━━━━━ Data
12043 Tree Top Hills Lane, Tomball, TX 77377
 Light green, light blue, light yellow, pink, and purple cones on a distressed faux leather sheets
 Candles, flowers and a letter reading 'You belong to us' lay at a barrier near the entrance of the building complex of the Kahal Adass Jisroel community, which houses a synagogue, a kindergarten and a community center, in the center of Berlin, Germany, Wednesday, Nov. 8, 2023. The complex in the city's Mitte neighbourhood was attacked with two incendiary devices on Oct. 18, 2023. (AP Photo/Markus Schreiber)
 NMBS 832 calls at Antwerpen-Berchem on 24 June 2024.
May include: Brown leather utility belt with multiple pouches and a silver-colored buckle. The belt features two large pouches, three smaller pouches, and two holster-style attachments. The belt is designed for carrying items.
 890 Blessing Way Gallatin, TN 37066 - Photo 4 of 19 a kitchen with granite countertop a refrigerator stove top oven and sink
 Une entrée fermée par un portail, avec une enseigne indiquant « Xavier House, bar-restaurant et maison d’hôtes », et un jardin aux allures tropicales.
━━━━━━━━━━
Exercise goal: For each record above, output it exactly as written.

Response:
12043 Tree Top Hills Lane, Tomball, TX 77377
 Light green, light blue, light yellow, pink, and purple cones on a distressed faux leather sheets
 Candles, flowers and a letter reading 'You belong to us' lay at a barrier near the entrance of the building complex of the Kahal Adass Jisroel community, which houses a synagogue, a kindergarten and a community center, in the center of Berlin, Germany, Wednesday, Nov. 8, 2023. The complex in the city's Mitte neighbourhood was attacked with two incendiary devices on Oct. 18, 2023. (AP Photo/Markus Schreiber)
 NMBS 832 calls at Antwerpen-Berchem on 24 June 2024.
May include: Brown leather utility belt with multiple pouches and a silver-colored buckle. The belt features two large pouches, three smaller pouches, and two holster-style attachments. The belt is designed for carrying items.
 890 Blessing Way Gallatin, TN 37066 - Photo 4 of 19 a kitchen with granite countertop a refrigerator stove top oven and sink
 Une entrée fermée par un portail, avec une enseigne indiquant « Xavier House, bar-restaurant et maison d’hôtes », et un jardin aux allures tropicales.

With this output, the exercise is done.